Caption-style text data ▸
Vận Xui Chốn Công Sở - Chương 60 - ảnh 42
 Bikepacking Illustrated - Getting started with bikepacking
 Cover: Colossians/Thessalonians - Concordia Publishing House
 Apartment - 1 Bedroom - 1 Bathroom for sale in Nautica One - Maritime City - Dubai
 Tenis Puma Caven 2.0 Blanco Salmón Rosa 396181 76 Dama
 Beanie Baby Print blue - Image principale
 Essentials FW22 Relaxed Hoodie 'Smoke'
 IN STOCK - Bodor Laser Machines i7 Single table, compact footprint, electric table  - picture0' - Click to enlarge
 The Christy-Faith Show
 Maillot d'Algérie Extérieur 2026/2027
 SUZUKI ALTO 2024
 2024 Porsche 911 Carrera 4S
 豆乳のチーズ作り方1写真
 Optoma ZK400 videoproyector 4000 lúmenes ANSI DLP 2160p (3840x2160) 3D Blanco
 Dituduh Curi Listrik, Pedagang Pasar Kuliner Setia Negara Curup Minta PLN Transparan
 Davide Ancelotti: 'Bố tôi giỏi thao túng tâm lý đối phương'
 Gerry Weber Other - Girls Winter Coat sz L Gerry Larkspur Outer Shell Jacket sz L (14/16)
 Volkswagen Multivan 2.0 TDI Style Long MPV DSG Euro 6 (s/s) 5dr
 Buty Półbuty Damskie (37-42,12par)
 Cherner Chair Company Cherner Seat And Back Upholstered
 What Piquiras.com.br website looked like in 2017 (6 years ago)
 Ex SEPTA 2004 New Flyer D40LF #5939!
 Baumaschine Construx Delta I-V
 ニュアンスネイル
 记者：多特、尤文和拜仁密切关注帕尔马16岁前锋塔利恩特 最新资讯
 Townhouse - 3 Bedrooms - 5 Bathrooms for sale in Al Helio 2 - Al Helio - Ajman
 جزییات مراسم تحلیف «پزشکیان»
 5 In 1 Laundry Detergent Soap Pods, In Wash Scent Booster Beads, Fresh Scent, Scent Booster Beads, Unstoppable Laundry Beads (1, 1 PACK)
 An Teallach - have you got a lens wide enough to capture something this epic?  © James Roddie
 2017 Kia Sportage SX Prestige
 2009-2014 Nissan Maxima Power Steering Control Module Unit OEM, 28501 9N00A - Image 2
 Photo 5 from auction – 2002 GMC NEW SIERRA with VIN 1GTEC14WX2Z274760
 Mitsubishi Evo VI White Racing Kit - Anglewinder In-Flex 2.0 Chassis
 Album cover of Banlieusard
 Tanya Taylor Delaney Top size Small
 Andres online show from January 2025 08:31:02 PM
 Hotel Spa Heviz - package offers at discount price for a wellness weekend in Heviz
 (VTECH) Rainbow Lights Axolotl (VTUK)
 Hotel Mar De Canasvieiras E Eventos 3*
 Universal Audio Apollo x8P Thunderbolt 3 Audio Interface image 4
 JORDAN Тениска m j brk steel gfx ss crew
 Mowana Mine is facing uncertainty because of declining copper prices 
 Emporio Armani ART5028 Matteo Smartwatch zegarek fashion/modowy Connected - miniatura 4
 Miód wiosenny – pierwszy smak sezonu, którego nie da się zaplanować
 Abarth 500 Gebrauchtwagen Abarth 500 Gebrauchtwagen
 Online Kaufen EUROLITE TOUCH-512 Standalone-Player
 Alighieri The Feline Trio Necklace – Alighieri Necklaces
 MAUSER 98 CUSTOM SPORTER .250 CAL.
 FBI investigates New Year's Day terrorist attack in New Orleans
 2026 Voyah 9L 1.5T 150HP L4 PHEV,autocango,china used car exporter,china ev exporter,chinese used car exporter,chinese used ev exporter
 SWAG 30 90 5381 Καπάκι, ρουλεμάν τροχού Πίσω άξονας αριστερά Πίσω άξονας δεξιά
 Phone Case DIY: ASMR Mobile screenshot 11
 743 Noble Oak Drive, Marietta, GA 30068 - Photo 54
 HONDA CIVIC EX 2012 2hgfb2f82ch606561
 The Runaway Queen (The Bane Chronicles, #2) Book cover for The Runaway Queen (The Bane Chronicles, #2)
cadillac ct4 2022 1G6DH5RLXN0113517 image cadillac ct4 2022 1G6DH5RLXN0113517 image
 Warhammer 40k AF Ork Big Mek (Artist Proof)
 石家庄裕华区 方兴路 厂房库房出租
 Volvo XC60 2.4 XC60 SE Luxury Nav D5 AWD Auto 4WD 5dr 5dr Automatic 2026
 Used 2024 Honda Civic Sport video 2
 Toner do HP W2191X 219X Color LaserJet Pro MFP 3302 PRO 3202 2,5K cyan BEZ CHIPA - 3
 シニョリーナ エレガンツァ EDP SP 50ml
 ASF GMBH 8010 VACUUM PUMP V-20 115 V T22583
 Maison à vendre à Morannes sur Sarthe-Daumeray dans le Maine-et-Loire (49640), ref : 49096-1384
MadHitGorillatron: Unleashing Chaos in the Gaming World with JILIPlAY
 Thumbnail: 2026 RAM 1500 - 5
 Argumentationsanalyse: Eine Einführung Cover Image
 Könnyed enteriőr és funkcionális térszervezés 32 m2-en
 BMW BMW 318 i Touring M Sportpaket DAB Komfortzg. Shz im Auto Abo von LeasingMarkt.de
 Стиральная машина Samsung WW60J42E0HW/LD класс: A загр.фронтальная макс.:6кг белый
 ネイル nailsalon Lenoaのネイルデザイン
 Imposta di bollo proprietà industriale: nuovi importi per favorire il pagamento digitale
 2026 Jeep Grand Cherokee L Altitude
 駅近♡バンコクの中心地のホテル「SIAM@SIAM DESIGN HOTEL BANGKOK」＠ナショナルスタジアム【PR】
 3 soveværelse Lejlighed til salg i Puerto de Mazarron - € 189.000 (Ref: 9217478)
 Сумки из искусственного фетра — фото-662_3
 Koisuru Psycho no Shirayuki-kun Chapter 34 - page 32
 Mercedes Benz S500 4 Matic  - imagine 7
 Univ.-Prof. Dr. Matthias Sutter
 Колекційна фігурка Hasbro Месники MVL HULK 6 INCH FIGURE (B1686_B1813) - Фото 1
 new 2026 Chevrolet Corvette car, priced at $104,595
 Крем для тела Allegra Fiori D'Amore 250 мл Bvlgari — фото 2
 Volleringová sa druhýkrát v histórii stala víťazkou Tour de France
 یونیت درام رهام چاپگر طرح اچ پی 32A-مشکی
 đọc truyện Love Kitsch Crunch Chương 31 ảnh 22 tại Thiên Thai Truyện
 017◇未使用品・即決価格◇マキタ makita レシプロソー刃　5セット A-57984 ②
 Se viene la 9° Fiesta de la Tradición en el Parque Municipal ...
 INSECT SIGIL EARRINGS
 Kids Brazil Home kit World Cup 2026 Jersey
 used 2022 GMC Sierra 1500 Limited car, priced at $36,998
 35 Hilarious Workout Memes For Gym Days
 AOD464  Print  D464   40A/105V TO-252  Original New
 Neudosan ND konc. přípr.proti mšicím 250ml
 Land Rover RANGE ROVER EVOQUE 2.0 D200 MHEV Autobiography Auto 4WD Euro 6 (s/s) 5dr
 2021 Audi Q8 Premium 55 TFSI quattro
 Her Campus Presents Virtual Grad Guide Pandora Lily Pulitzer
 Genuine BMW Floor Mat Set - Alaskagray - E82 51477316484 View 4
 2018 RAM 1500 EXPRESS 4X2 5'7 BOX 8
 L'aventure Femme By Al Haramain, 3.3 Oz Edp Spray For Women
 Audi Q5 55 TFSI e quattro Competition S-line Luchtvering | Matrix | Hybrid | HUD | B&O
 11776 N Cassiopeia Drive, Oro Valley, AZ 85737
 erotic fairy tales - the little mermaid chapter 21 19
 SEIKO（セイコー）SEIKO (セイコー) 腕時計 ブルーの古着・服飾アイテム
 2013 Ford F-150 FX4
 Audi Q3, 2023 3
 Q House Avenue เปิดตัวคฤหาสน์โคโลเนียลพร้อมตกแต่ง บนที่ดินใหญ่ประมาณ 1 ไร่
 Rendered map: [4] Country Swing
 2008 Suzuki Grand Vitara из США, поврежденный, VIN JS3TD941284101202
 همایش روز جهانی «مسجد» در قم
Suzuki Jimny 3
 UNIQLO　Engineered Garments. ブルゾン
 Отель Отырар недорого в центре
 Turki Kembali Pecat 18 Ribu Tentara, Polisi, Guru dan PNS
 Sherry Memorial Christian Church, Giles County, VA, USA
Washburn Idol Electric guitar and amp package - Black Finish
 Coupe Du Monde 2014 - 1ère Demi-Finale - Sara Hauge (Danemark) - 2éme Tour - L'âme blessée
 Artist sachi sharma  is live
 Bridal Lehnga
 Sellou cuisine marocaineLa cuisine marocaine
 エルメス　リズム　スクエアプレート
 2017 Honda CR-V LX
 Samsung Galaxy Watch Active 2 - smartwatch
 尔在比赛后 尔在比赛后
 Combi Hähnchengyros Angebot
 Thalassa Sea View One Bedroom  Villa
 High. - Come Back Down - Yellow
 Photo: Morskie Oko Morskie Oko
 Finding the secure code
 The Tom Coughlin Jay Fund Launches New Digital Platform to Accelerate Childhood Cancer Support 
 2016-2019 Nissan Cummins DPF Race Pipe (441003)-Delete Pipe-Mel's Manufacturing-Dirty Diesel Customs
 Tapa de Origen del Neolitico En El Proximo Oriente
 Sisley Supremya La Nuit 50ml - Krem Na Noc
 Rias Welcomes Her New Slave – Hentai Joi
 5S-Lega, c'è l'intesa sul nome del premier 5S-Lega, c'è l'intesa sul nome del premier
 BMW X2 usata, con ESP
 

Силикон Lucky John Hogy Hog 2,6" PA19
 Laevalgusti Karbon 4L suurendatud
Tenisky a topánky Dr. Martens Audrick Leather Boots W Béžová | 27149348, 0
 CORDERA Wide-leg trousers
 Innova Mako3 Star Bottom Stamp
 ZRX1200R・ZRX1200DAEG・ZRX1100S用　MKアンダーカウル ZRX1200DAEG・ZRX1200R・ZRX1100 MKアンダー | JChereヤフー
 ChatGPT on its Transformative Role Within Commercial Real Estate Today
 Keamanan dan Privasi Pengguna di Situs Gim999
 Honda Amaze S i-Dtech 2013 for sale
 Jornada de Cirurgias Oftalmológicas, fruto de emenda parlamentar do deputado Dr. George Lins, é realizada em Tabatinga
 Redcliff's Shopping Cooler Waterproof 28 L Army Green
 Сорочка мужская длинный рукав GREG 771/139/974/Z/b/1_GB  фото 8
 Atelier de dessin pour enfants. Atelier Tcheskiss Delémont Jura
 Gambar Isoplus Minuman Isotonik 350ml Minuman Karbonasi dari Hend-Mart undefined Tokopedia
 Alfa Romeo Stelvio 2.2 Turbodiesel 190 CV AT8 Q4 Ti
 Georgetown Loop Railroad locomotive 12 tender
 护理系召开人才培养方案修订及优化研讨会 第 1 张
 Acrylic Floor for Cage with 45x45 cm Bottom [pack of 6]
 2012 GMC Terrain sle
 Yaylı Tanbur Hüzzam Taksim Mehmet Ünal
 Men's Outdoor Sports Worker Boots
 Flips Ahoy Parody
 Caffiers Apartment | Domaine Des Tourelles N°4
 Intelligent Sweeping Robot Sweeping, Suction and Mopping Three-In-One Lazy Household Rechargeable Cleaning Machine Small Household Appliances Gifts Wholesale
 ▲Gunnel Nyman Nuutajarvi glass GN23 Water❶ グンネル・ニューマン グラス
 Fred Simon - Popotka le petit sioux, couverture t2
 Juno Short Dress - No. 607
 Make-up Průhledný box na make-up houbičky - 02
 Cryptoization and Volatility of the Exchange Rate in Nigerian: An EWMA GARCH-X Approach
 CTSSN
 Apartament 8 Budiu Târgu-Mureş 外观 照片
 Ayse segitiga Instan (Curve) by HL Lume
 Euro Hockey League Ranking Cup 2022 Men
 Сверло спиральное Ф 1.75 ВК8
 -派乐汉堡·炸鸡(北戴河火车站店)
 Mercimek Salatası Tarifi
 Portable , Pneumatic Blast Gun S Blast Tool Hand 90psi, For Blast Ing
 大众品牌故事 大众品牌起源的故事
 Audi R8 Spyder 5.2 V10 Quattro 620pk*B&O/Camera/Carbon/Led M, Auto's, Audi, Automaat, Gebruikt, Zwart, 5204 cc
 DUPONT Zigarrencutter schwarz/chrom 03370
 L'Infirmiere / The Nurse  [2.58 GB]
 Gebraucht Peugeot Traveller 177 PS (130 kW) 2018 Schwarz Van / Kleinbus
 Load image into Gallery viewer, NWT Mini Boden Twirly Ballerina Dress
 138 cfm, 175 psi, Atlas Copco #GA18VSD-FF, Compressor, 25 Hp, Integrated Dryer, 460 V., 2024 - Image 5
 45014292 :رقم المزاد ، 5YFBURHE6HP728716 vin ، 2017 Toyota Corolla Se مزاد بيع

Task to complete ▸
Which lines of the data above contain "Samsung"? Copy each one.

Answer ▸
 Стиральная машина Samsung WW60J42E0HW/LD класс: A загр.фронтальная макс.:6кг белый
 Samsung Galaxy Watch Active 2 - smartwatch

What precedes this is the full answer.